Figure 3. Schematic view of workflow followed to produce the ecoregions map. Reference climate data consist of annual precipitation, mean, minimum and maximum annual temperature for the period 1971–2000 at 100 m resolution. Clustering of climate data resulted in four climate regions. Soil data consist of a percentage of silt, sand and clay at 250 m resolution. The intersection of climate regions and soil textures resulted in 27 ecoregions.
The resulting climate regions map was intersected with the soil texture map. The soil map reports the percentage of sand, silt and clay at a 250 m resolution. This map was derived by simply translating the percentages of sand, silt and clay to USDA soil texture categories. The final ecoregions map was therefore produced by overlapping the climate regions and the soil textures maps. This resulted in a total of 28 unique ecoregions defined by both a climate region and a soil type (Figure 3).
PnET-Succession also requires rooting depth for each ecoregion. Ecoregion rooting depth was calculated based on soil depth classes reported in the soil map (0–250 mm, 250–500 mm, 500–1,000 mm, 1,000–1,500 mm, >1,500 mm). The midpoint of each class was used to calculate the most frequent rooting depth for each ecoregion. Precipitation Loss Fraction and Leakage Fraction were given values of 0.6 and 1 for all ecoregions. All other PnET-Succession ecoregions parameters were given default values. A complete dataset containing model inputs is provided (see section “Data availability”).
Calibration of Model Parameters
LANDIS-II and PnET-Succession require a set of parameter values for each species simulated in the landscape. Generic species parameters are required irrespective of the chosen succession extension (e.g., longevity, sexual maturity), while others are required by PnET-Succession (e.g., foliage nitrogen, foliage turnover, minimal, and optimal photosynthetic temperature). We firstly defined an initial set of parameter values from multiple sources. Then, we ran single-cell simulations to verify the species behaviour (e.g., growth, photosynthetic rates) under different conditions. On a single, empty 100 m cell, a single 10-years old cohort of each species was initialized and grown for 200 years preventing establishment of new cohorts. Five replicates were run for each simulation using static monthly averages of temperature, precipitation, PAR and CO2 (Table 1 and Supplementary Figures 4–6). Baseline climate conditions were used to avoid introducing variability due to fluctuating climate (Gustafson and Miranda, 2019).
The results of these simulations were compared with species biomass estimations for the study area and literature information. Biomass estimations were calculated for P. halepensis, P. nigra, P. pinaster, P. sylvestris, Q. ilex, and Q. pyrenaica based on forest inventory data and allometric equations published in Montero et al. (2005). Simulated versus observed Relative Growth Rates in relation to species biomass were used for comparison as this metric is independent from age, which has a high uncertainty degree in NFI data.

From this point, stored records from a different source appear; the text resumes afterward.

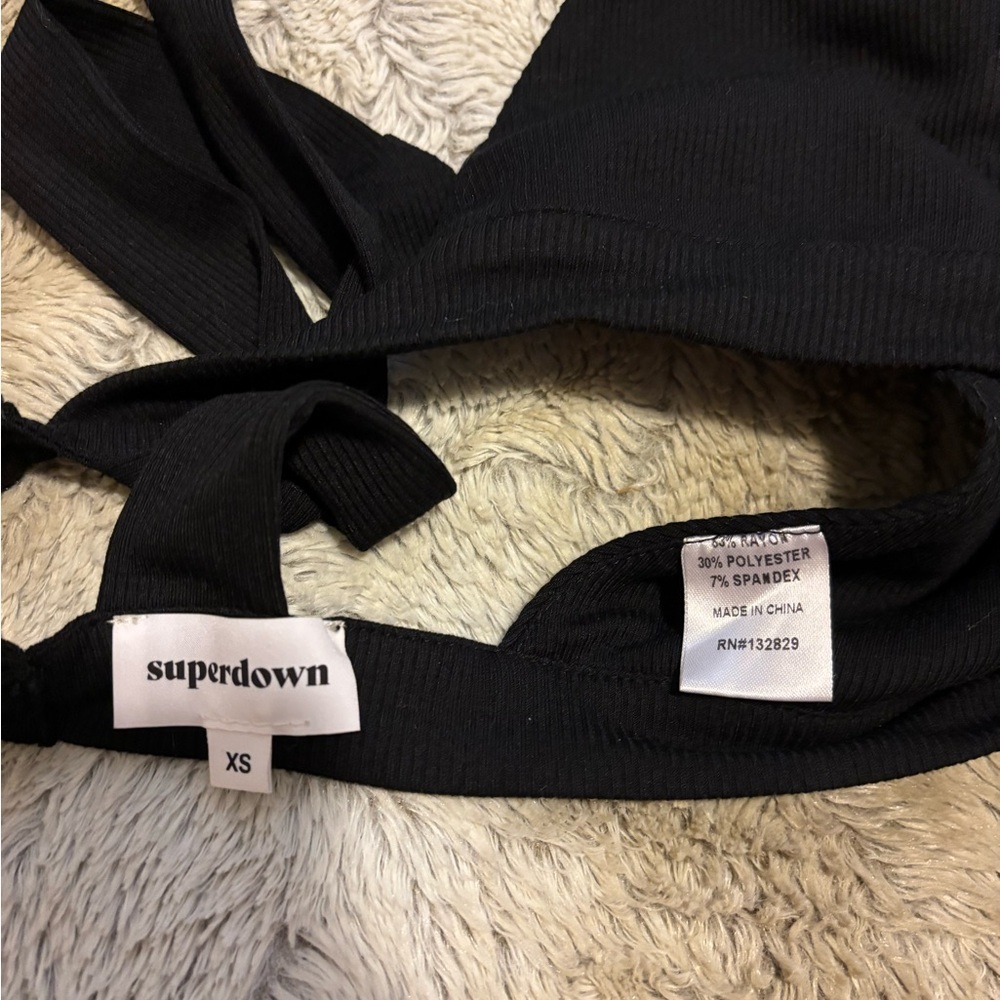 Superdown Tate Cut Out Black XS Cropped Top with Open Back - Picture 7 of 9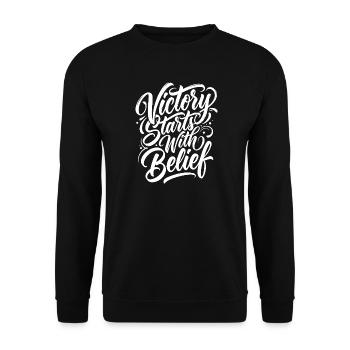 Der Sieg beginnt mit dem Glauben - Unisex Pullover - Schwarz - Vorne - Alina (178cm) & Michal (187cm)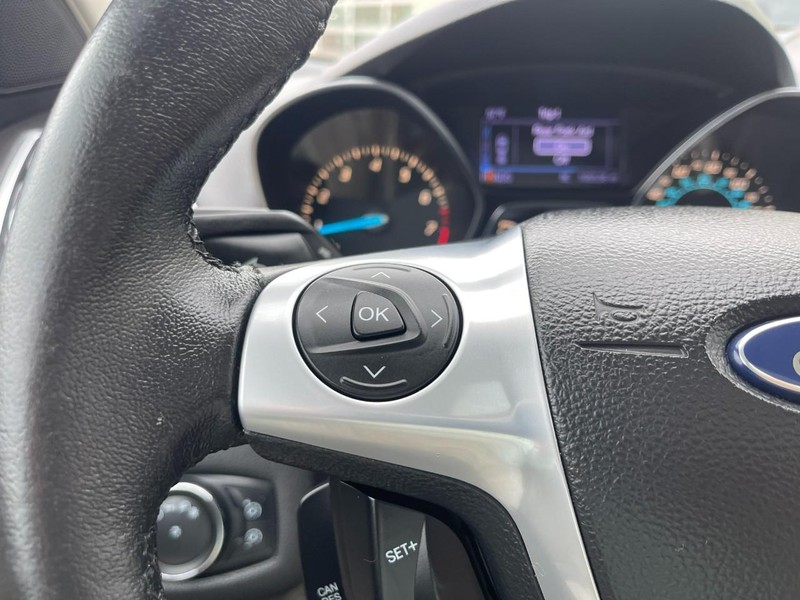 Ford Escape Vehicle Image 31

Following calibration guidelines for PnET-Succession (De Bruijn et al., 2014; Gustafson and Miranda, 2019) and evidences from a sensitivity analysis with the same model (McKenzie et al., 2019), we adjusted the most influential species-specific parameter values in an iterative process until the species showed the expected behaviour based on authors’ expertise and observations.
We also evaluated the response of competing assemblages of species typical of the different forest types included in our landscape. These multi-species simulations allow the calibration in relative terms, as well-known competition effects can be assessed and species parameters can be adjusted accordingly. In these simulations, species are established in the cell at the same time and no new establishment is allowed, which is often not the case in natural ecosystems. Thus, the observed species development is the result of their growth traits and their different performance under competition and not due to different establishment strategies or other advantages.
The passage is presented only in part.